Image-text web data »
....
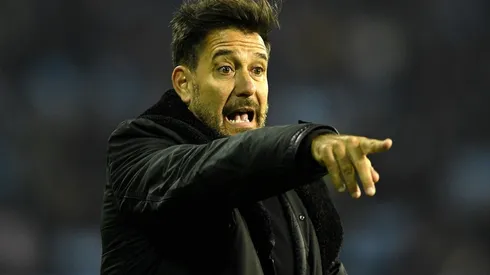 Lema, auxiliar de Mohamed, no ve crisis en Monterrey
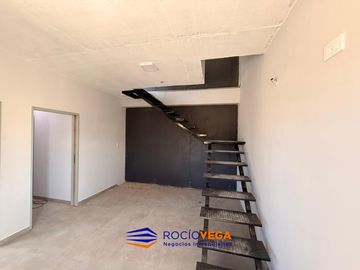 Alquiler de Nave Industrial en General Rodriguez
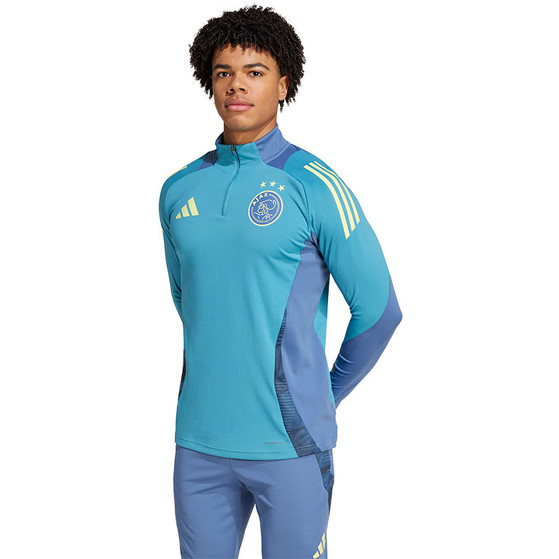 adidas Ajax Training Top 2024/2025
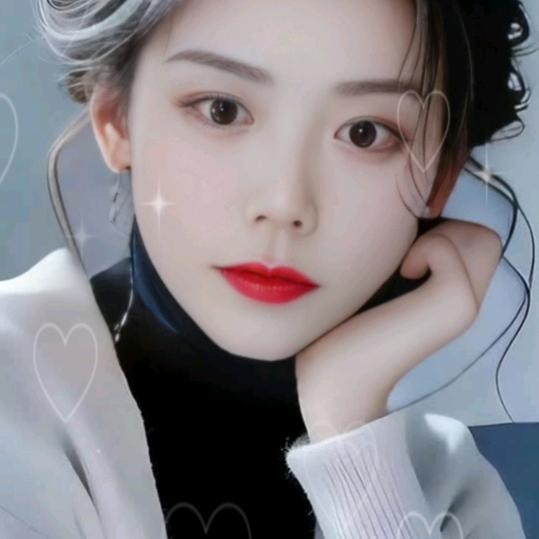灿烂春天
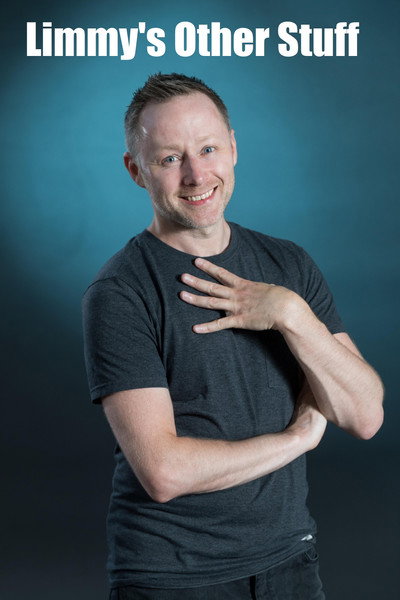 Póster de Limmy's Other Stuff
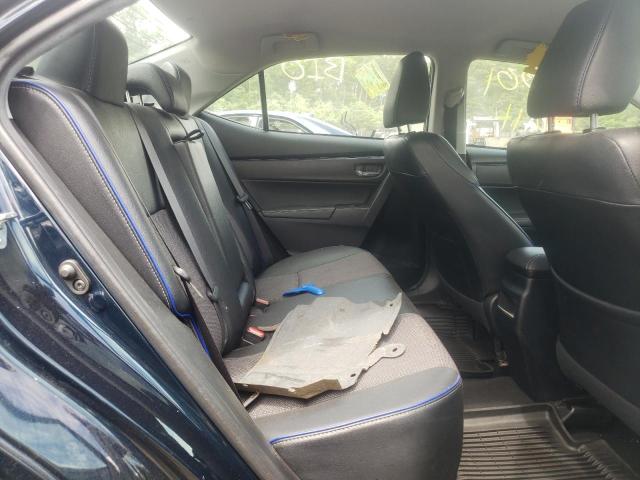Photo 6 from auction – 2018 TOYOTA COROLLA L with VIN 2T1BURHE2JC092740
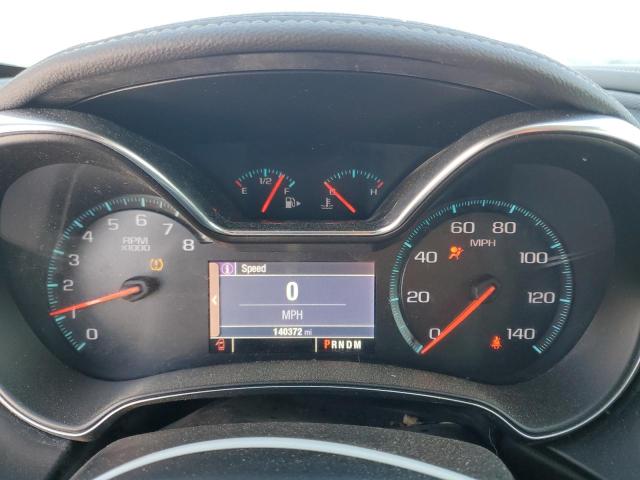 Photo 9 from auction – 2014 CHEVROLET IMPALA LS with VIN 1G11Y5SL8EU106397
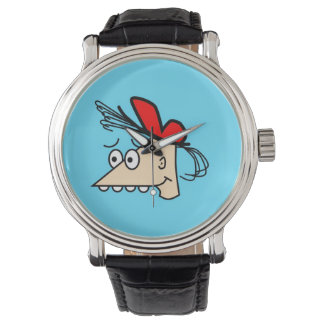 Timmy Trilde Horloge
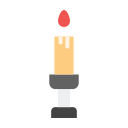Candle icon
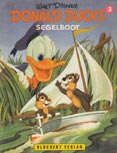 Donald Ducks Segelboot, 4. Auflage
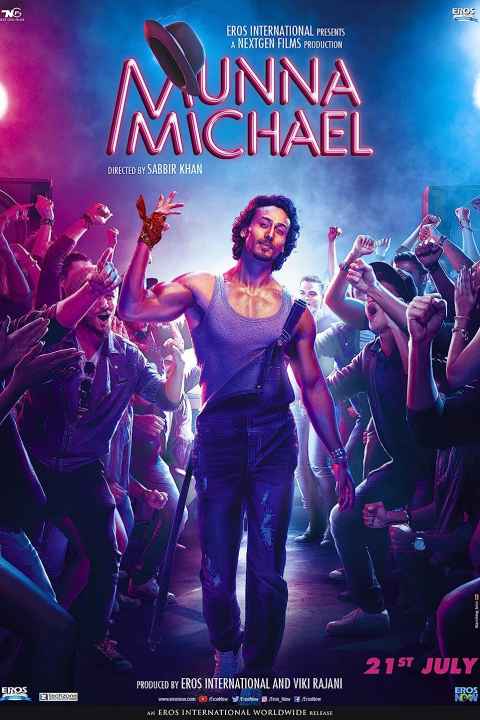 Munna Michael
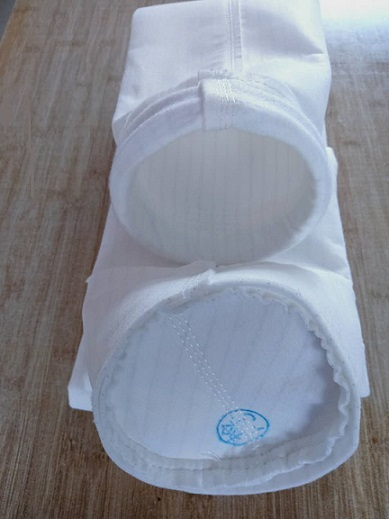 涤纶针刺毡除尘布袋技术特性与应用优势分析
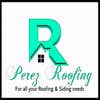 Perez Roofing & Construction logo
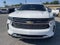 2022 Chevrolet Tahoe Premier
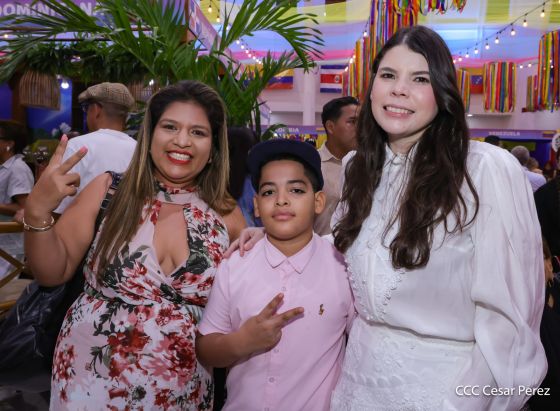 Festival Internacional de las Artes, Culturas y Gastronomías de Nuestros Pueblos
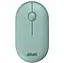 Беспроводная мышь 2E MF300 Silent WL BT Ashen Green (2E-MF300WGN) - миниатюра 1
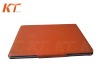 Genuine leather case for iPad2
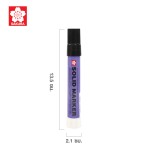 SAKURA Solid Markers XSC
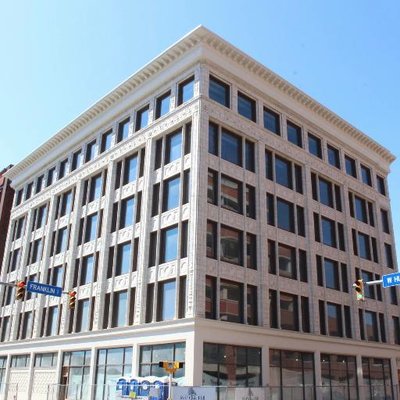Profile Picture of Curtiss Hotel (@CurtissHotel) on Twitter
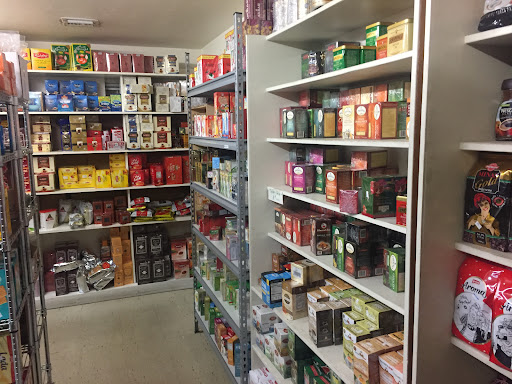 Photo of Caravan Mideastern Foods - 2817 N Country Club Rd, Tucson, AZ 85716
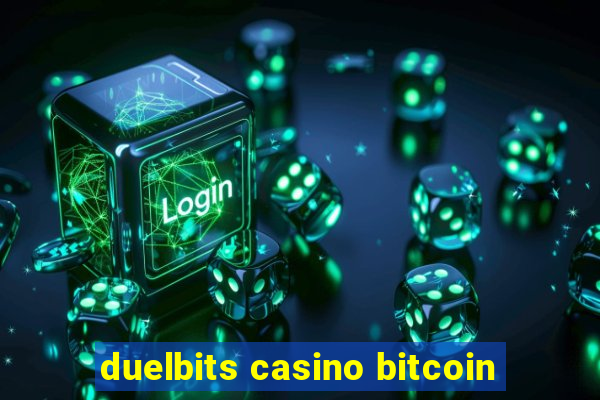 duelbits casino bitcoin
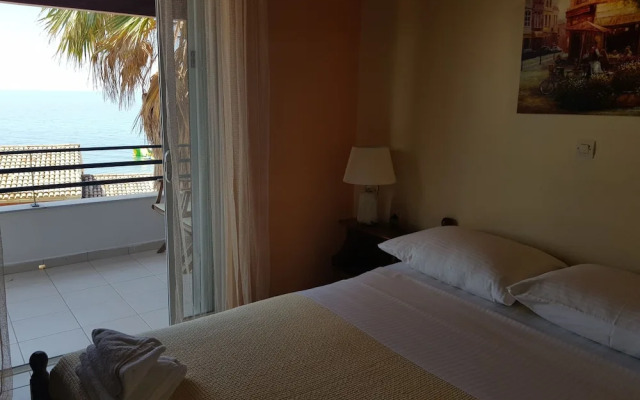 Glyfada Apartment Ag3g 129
....
Prompt »
Print the entries again exactly as they appear above. Do not print the pictures.

Output for this task »
 Lema, auxiliar de Mohamed, no ve crisis en Monterrey
 Alquiler de Nave Industrial en General Rodriguez
 adidas Ajax Training Top 2024/2025
灿烂春天
 Póster de Limmy's Other Stuff
Photo 6 from auction – 2018 TOYOTA COROLLA L with VIN 2T1BURHE2JC092740
 Photo 9 from auction – 2014 CHEVROLET IMPALA LS with VIN 1G11Y5SL8EU106397
 Timmy Trilde Horloge
Candle icon
 Donald Ducks Segelboot, 4. Auflage
 Munna Michael
 涤纶针刺毡除尘布袋技术特性与应用优势分析
 Perez Roofing & Construction logo
 2022 Chevrolet Tahoe Premier
 Festival Internacional de las Artes, Culturas y Gastronomías de Nuestros Pueblos
 Беспроводная мышь 2E MF300 Silent WL BT Ashen Green (2E-MF300WGN) - миниатюра 1
 Genuine leather case for iPad2
 SAKURA Solid Markers XSC
Profile Picture of Curtiss Hotel (@CurtissHotel) on Twitter
 Photo of Caravan Mideastern Foods - 2817 N Country Club Rd, Tucson, AZ 85716
 duelbits casino bitcoin
 Glyfada Apartment Ag3g 129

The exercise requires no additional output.